Dan sejak itulah dia balik kucing mendukung VOC.
Pakubuwono II merupakan raja Mataram yang berkuasa dari tahun 1726 hingga 1749.
Dia merupakan putra dari Amangkurat IV yang meninggal karena wabah.
Pada awal masa pemerintahannya, dia harus menghadapi pemberontakan Jawa-Tionghoa pimpinan Raden Mas Garendi alias Sunan Kuning.
Uniknya, Pakubuwono II sendiri pernah mendukung perlawanan pemberontakan Jawa-Tionghoa melawan Belanda.
Di berbalik mendukung VOC karena takut dilengeserkan dari takhtanya sebagia penguasa Mataram Islam.
Ketika masih menentang Belanda, pasukan Mataram pernah menyerangbenteng kompeni di Kartasura pada 1741.
Tercatat 10 prajurit kompeni tewas di dalam dan sekitar benteng.
Peristiwa itu menandai konflik terbuka antara Kesultanan Mataram dan VOC.
Pakubuwana II juga memerintahkan patihnya mengirim pasukan untuk membantu laskar Tionghoa mengepung VOC di Semarang.
Pemberontakan Tinghoa-Jawa atau Geger Pecinan merupakan respon masyarakat keturunan Tionghoa atas pembentaian VOC terhadap sekitar 10 ribuan orang Tionghoa di Batavia.
Kabarnya, rangkaian peperangan Geger Pecinan disebut lebih besar dibanding Perang Diponegoro dua dekade setelahnya.
Pemimpin pemberontakan dari pabrik gula di Gandaria, Batavia, adalah Souw Phan Ciang atau Khe Panjang, yang kemudian dikenal sebagai Kapitan Sepanjang.
Dia lari sampai Semarang dan bergabung dengan laskar Tionghoa pimpinan Singseh (Tan Sin Ko).
Kapitan Sepanjang dan Singseh berperang melawan VOC, mendapat bantuan pasukan dari Pakubuwana II, namun kemenangan sulit diraih, bahkan VOC mengklaim sebagai pihak yang menang.
Kemudian Pakubuwana II berubah sikap 180 derajat dari yang semula melawan kompeni menjadi memihaknya. Dukungan Mataram ke pemberontak Tionghoa dicabut pada awal 1742.
Seperti disebut di awal, perubahan sikap itu dilatar belakangi Pakubuwana II yang khawatir dilengserkan dari takhta Mataram bila terus melawan VOC.
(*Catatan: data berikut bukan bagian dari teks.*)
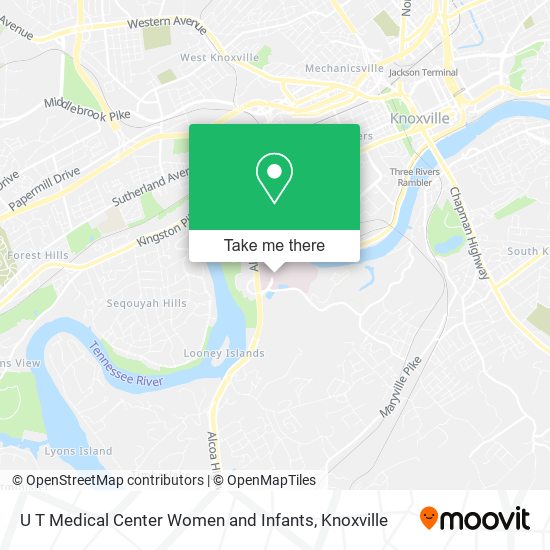 U T Medical Center Women and Infants map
Dalam hal ini, VOC dikenal handal menyulut intrik politik.
Di sisi lain, para bangsawan juga banyak yang mengincar kedudukan Pakubuwana II.
Sejak saat itu, perang melawan Pakubuwana II dan VOC berkobar.
Pemberontakan yang tak kunjung padam, sementara kondisi kesehatannya terus menurun, Pakubuwono II terpaksa menyerahkan kedaulatan Mataram kepada Baron von Hohendorff, ketika itu gubernur pesisir Jawa bagian timur.
Penyerahan itu tertuang dalam perjanjian yang ditandatangai pada11 Desember 1749 sebagai titik awal hilangnya kedaulatan Mataram ke tangan Belanda.
Pakubuwana II akhirnya meninggal dunia pada tanggal 20 Desember 1749, dan digantikan oleh Raden Mas Suryadi, putranya yang bergelar Pakubuwana III.
Pakubuwana III pada pemerintahannya harus dihadapkan pada kaum pemberontak yang dipelopori Pangeran Mangkubumi dan Pangeran Sambernyawa.
Di kemudian hari pada tahun 1755, kedua belah pihak antara Pakubuwana III dan Pangeran Mangkubumi menyepakati isi Perjanjian Giyanti.
Disusul Perjanjian Salatiga pada tahun 1757 yang disepakati oleh ketiga pihak yakni Pakubuwana III, Pangeran Mangkubumi dan Pangeran Sambernyawa.